Gary Damiano, Workstream’s senior vice president of marketing, said the
merger factored into Pfeffer’s resignation. Pfeffer faced playing a more limited
role than he was expecting, Damiano said. “We’re disappointed,” he said.
On the other hand, Workstream is pleased with the merger agreement it has
signed with Empagio.
“The combination of Workstream with Empagio catapults our company to one of
the top three human capital management (HCM) providers overnight, and
accelerates our transformation as we immediately become the only HCM company
with a payroll services capability across North America,” Workstream executive
chairman Michael Mullarkey said in a statement.
The combined company will serve more than 600 Fortune 2,000 firms, including
such big names as Wells Fargo, Miller Brewing and United Airlines, according to
a statement from Workstream and Empagio.
Under the terms of the deal, Empagio will own 75 percent of the combined
entity, while Workstream will own 25 percent. Empagio CEO Seth Bernstein will
become a 60 percent majority shareholder of the company. Bernstein also is
slated to become CEO of the combined company.

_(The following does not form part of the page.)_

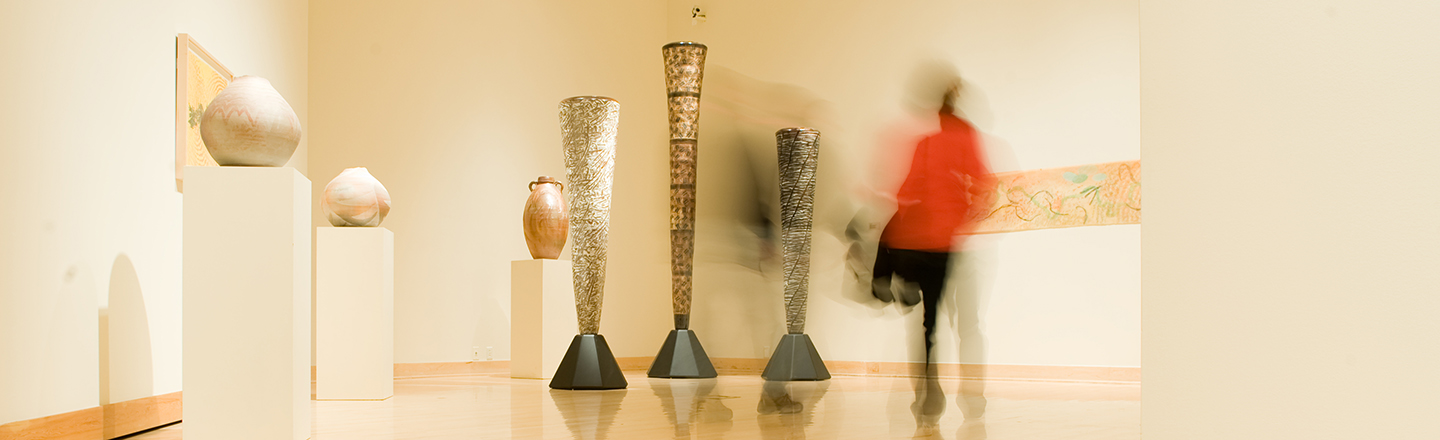 The Junt Art Gallery with person walking through.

The deal is subject to closing conditions, including governmental approvals.
It is expected to close during the second half of 2008.
Workstream is one of many players in the hot talent management software
market. That market refers to applications for key HR tasks such as recruiting
and performance management. Talent management applications are among the
fastest-growing products within the HR software arena, which is itself the
fastest-growing category of business software.
Damiano portrayed the combination of Workstream and Empagio as a good fit, in
that Empagio focuses on more transactional tasks such as payroll and time and
attendance while Workstream’s applications are for more strategic functions such
as performance and compensation management.
News of the agreement ends weeks of speculation in the HR technology arena.
Workstream first announced in late December that it he had received an “an
unsolicited offer from a U.S.-based payroll business to determine the viability
of a merger.”
Other companies suspected of being the suitor included ADP and Paychex.
Lisa Rowan, an analyst with research firm IDC, said the deal should calm
customer worries that Workstream isn’t a viable vendor.
“It shores them up financially,” she says.
Workstream reported net income of $782,411 for the three months ended
November 30. But for the six months ended November 30, it posted a net loss of
$4.7 million. Workstream also laid off about 15 percent of its workers in recent
weeks, Damiano said. Workstream’s headcount is now about 200 employees, he said.